Dataset records:

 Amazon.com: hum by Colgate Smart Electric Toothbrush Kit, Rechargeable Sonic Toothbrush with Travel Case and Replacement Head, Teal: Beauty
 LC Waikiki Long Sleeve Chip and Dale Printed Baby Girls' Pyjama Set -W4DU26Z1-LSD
---
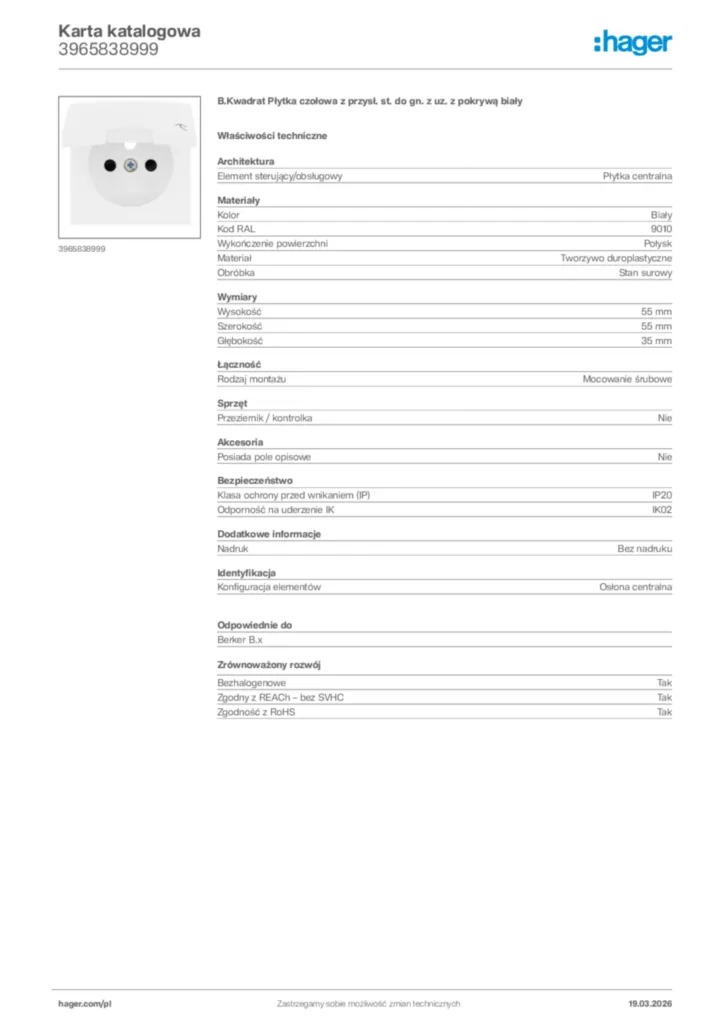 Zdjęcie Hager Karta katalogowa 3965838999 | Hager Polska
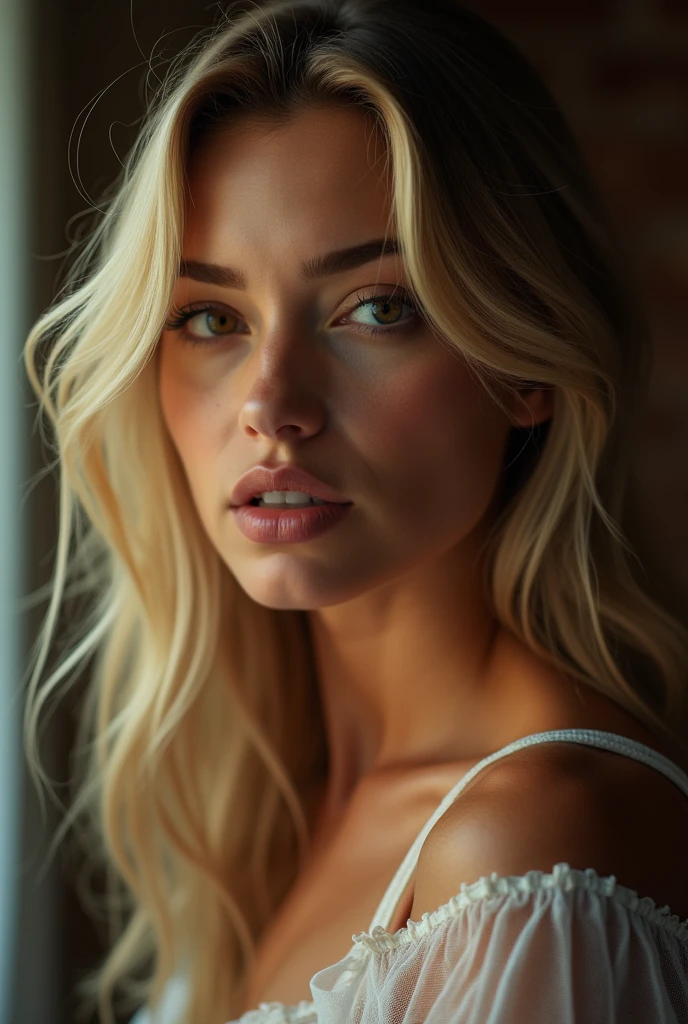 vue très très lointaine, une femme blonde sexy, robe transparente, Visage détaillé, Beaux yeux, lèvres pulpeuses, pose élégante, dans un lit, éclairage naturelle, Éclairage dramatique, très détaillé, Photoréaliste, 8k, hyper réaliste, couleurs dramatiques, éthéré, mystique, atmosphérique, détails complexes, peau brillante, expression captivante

What the exercise asks: Look above for the line that contains "Amazon.com: hum by". Starting there, transcribe every line exactly until you have copied the line that contains "LC Waikiki Long".

Written response:
 Amazon.com: hum by Colgate Smart Electric Toothbrush Kit, Rechargeable Sonic Toothbrush with Travel Case and Replacement Head, Teal: Beauty
 LC Waikiki Long Sleeve Chip and Dale Printed Baby Girls' Pyjama Set -W4DU26Z1-LSD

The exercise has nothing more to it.